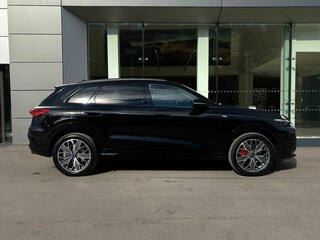 2026 Audi Q5 L III (GU), чёрный, 6347000 рублей, вид 5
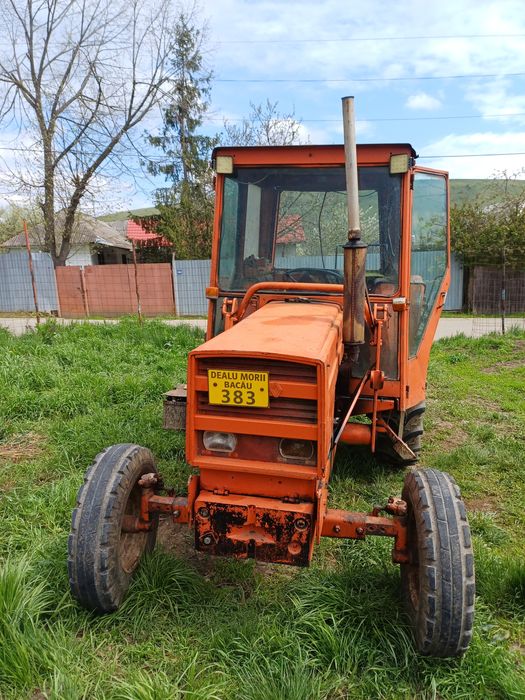 Vând tractor 65 cai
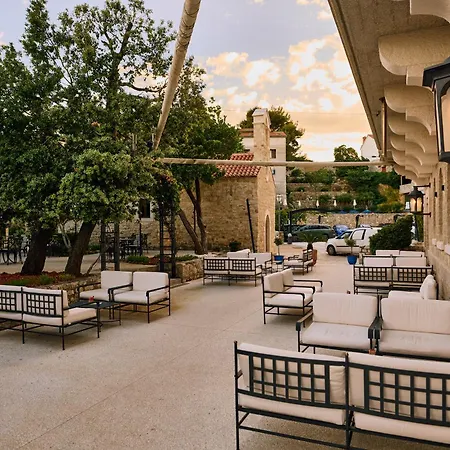 Arbiana Heritage Hotell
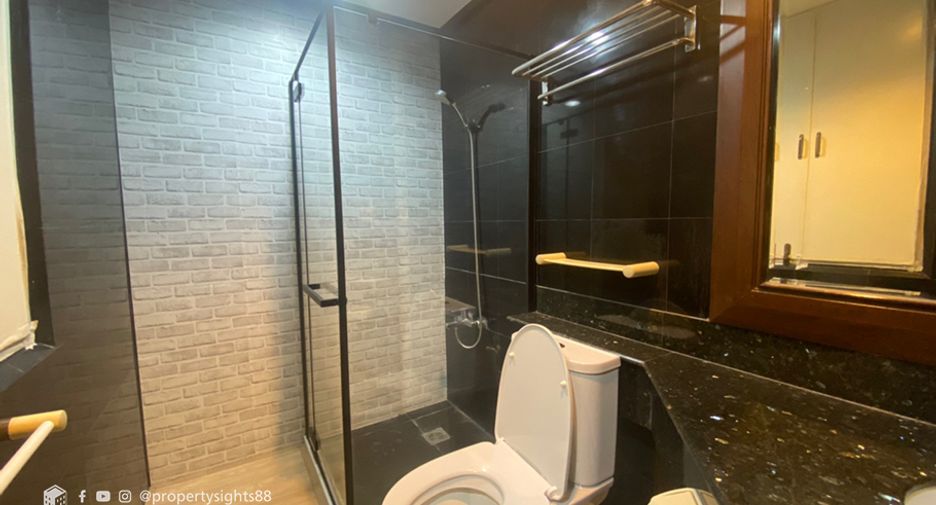 Wohnung zur Miete mit 3 Zimmer in Watthana, Bangkok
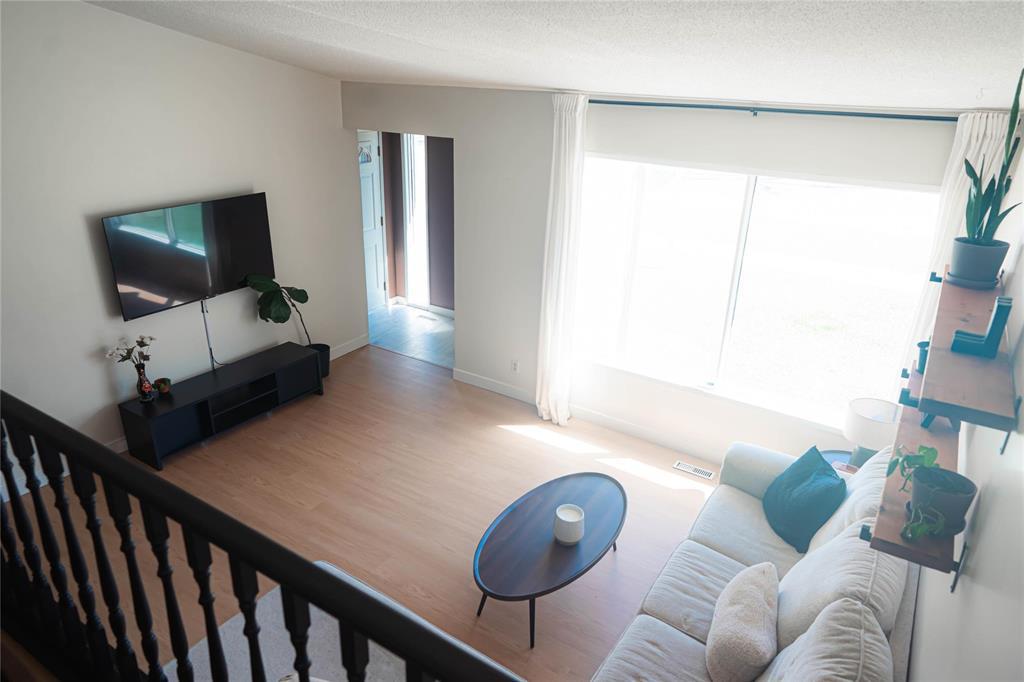 657 Adsum Drive, Winnipeg, Manitoba  R2P 1X6 - Photo 5 - 202609709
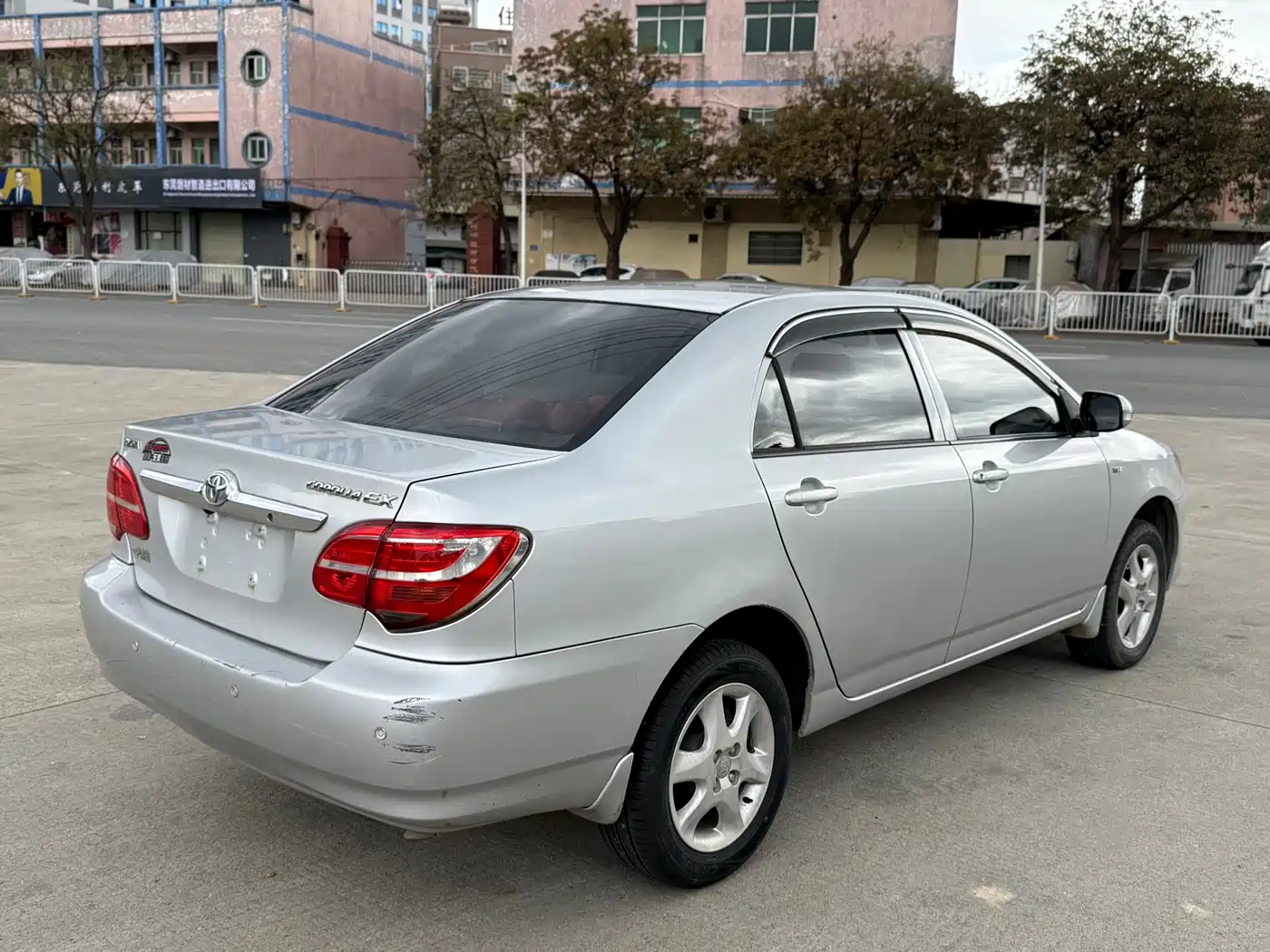 Toyota Corolla 2013 1.6L Automatic Luxury фото 9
____
- Work task
Your output should be the full set of entries above, restated word for word and free of pictures.

- Output of the exercise
 2026 Audi Q5 L III (GU), чёрный, 6347000 рублей, вид 5
 Vând tractor 65 cai
 Arbiana Heritage Hotell
 Wohnung zur Miete mit 3 Zimmer in Watthana, Bangkok
 657 Adsum Drive, Winnipeg, Manitoba  R2P 1X6 - Photo 5 - 202609709
 Toyota Corolla 2013 1.6L Automatic Luxury фото 9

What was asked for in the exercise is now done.